→ **Exercise**
Every line that contains the word "Piece" is to be copied from the listing.

→ **Available records**
:::

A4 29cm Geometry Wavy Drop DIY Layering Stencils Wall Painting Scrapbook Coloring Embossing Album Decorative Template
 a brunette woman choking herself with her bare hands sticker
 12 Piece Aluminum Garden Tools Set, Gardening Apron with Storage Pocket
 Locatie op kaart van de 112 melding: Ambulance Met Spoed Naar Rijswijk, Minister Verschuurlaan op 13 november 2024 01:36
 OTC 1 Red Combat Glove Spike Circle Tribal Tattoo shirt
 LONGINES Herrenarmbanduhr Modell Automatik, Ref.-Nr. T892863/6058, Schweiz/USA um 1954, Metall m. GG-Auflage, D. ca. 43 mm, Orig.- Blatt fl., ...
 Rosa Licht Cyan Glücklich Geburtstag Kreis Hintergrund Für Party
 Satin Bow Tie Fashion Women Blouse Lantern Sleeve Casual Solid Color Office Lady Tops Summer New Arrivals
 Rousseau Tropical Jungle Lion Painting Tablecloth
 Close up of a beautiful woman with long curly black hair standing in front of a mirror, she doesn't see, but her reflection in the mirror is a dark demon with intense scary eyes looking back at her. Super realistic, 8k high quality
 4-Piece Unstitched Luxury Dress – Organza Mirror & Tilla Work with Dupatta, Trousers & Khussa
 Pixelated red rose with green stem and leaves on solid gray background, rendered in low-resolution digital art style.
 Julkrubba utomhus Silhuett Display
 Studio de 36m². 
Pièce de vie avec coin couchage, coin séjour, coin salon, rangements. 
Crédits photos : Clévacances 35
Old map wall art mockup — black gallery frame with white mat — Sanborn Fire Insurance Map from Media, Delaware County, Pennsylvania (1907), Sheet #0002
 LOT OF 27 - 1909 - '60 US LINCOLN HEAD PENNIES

:::

→ **Result**
 12 Piece Aluminum Garden Tools Set, Gardening Apron with Storage Pocket
 4-Piece Unstitched Luxury Dress – Organza Mirror & Tilla Work with Dupatta, Trousers & Khussa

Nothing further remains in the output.